Científicos desean empezar a pronosticar cuándo migrarán hacia su zona determinadas especies

Los mapas meteorológicos son fundamentales para los investigadores que siguen a las aves en movimiento. Acoplar los datos de radar con los de eBird llevará el rastreo de migraciones al siguiente nivel.

En las otoñales noches de América del Norte, millones de aves migratorias toman los cielos sin ser vistas. Como el agua de sus cuerpos refleja los rayos de los radares, sus movimientos aparecen en los mapas climatológicos de todo el país. Por lo general, los meteorólogos borran estas impresiones biológicas de los pronósticos, pero los ornitólogos hacen justamente lo contrario: enmascaran las tormentas para revelar la actividad aviar.

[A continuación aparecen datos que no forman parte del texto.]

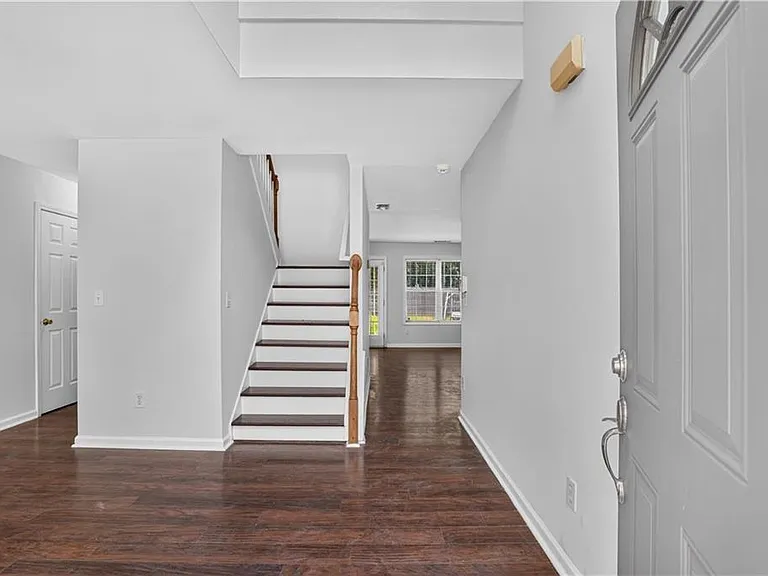 325 Shadowbrooke Cir — Photo 10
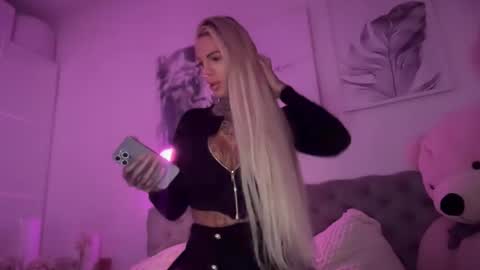 tsmiadeluxxe online show from 12.16.25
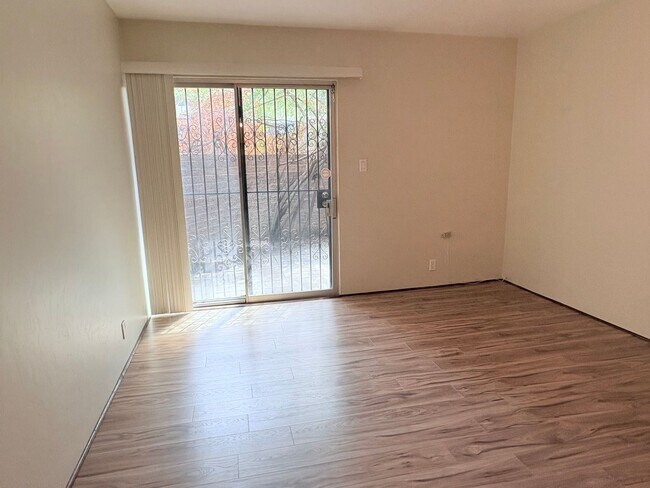 Building Photo - Lovely 2 Bedroom and 2 Bathroom Condo w/ Den! Lots of Space! *SPECIAL OFFER 1/2 Off First Month's...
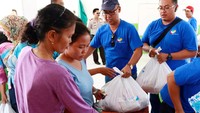Di pasar murah ini satu paket sembako dijual Rp 25.000.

Una vez que se eliminaron los patrones del clima, todo lo que queda son signos de aves, murciélagos o insectos. Los expertos dependen mucho de las pruebas circunstanciales para diferenciar los tres grupos. Los murciélagos están más activos justo antes de la puesta del sol en los meses de verano, mientras que las aves aparecen justo después del ocaso en otoño y primavera. Y como son mucho más pequeños, los insectos solo son detectables cuando las aves y los murciélagos están ausentes. Entonces, por proceso de eliminación, los ornitólogos saben cómo reunir datos nocturnos del radar durante las temporadas de migración —han usado el sistema Doppler de este modo desde 1941, aproximadamente cuando se inventó la tecnología de radar. 

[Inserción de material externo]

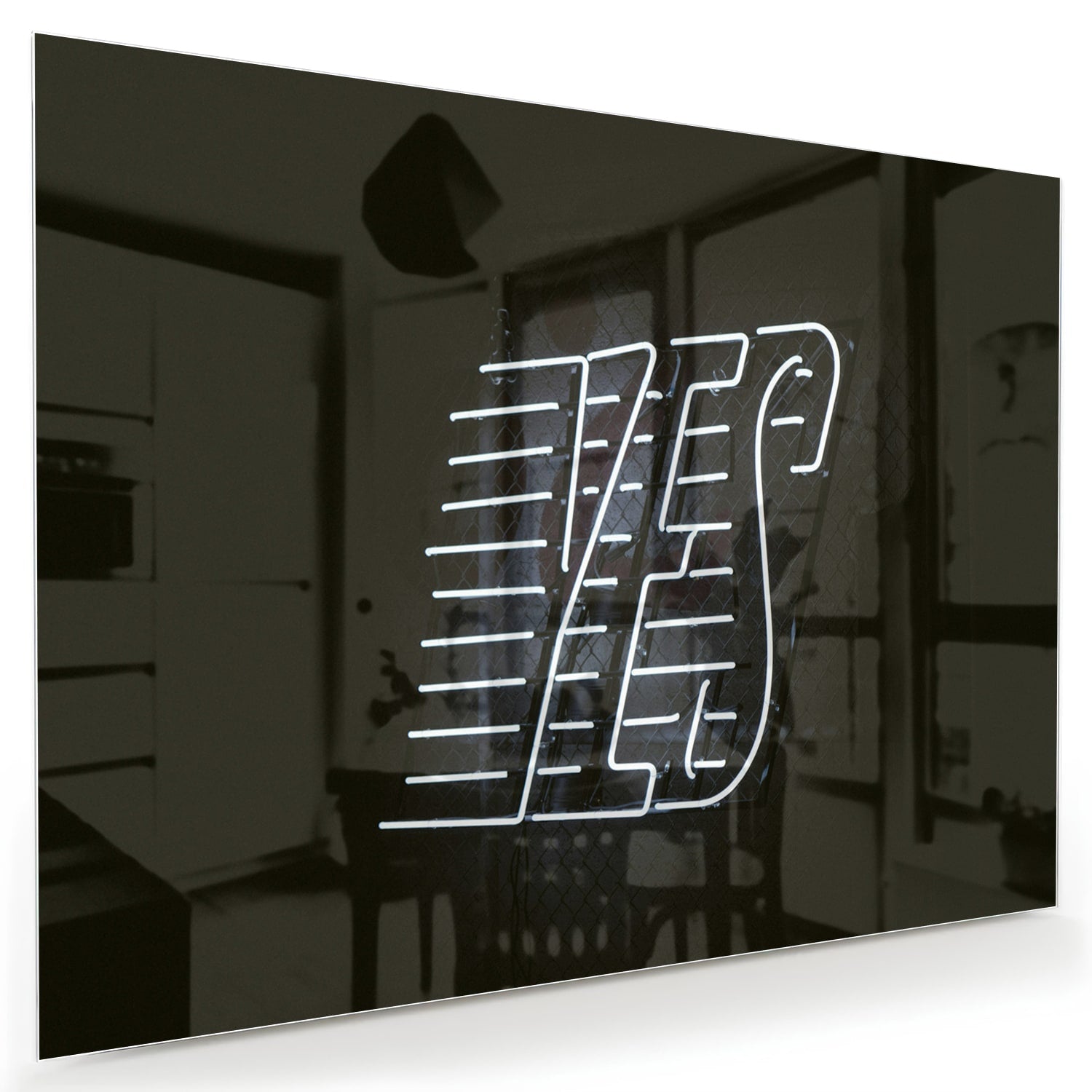 Glazen schilderij met 'YES' text in zwart en wit, hangend aan de muur.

Señalar vuelos largos, sin embargo, es la tarea fácil; es mucho más difícil identificar que especie aviar en realidad está migrando. Pero ahora, los científicos creen que quizás por fin tienen un modo de convertir las firmas en el radar de las aves en herramientas de seguimiento casi en tiempo real. Kyle Horton, ornitólogo de Cornell University, está combinando los datos de radar con registros de eBird para dilucidar estas misteriosas nubes migratorias. Cuando los avistadores registran avistajes, le dan a Horton indicios de qué especie puede estar pasando por un área, lo que le permite elaborar bocetos aproximados que se observan en mapas climatológicos.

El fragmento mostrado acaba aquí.